Only the text of the records belongs in the answer, copied exactly and without pictures.

"""

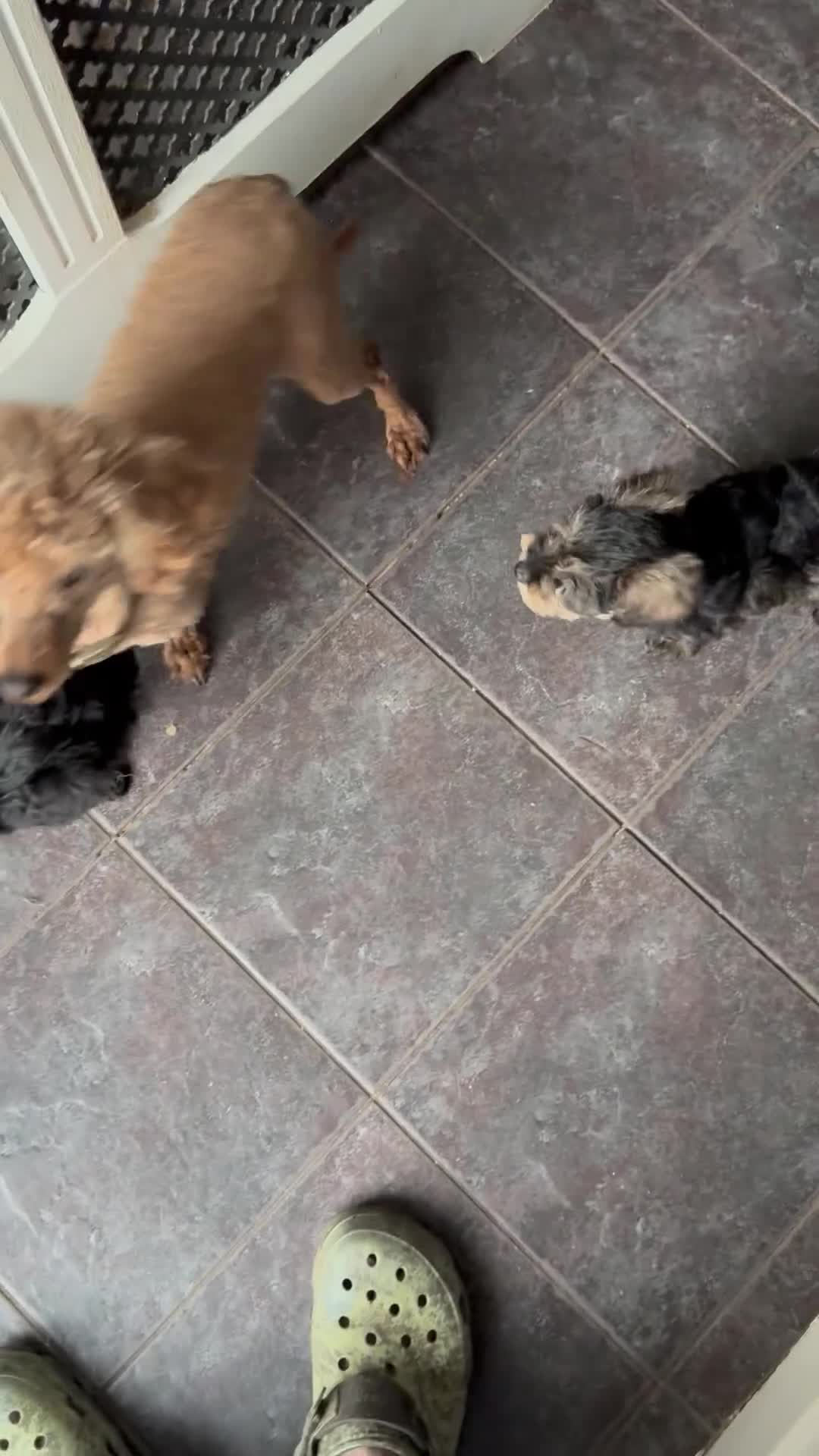 Mixed Breed dogs for sale: Two beautiful mini schnoodle pups - Video 2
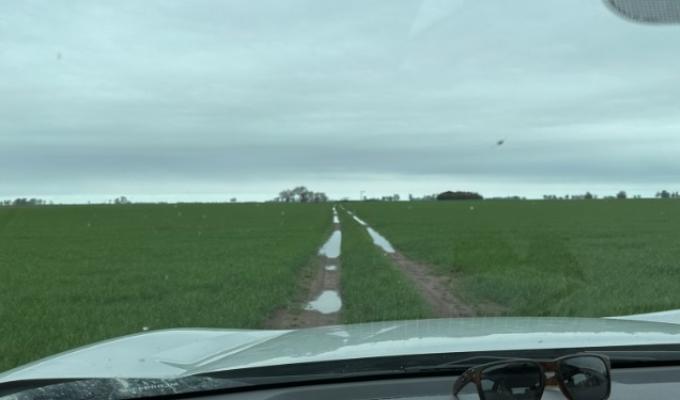 Luego de varios días primaverales, el sábado regresan las lluvias con algunas tormentas intensas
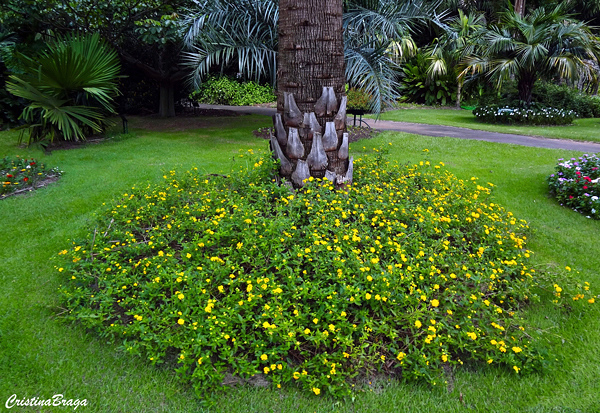 Plantas Para o Pé das Árvores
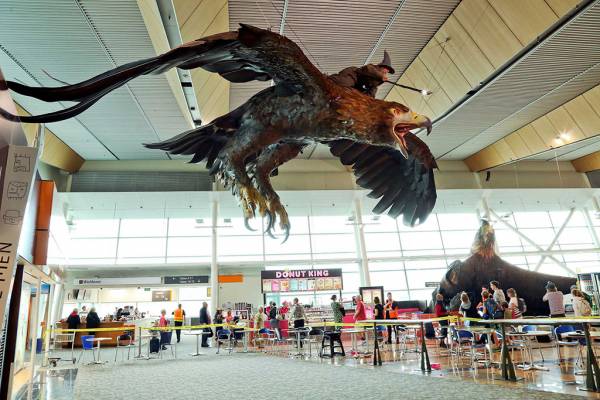 Гигантский орел из «Хоббита» рухнул в аэропорту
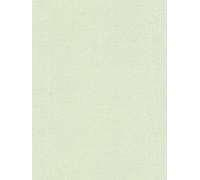 Papel Tapiz Pastel Verde Claro Con Patrón Texturizado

"""

* RESULT
 Mixed Breed dogs for sale: Two beautiful mini schnoodle pups - Video 2
 Luego de varios días primaverales, el sábado regresan las lluvias con algunas tormentas intensas
 Plantas Para o Pé das Árvores
 Гигантский орел из «Хоббита» рухнул в аэропорту
 Papel Tapiz Pastel Verde Claro Con Patrón Texturizado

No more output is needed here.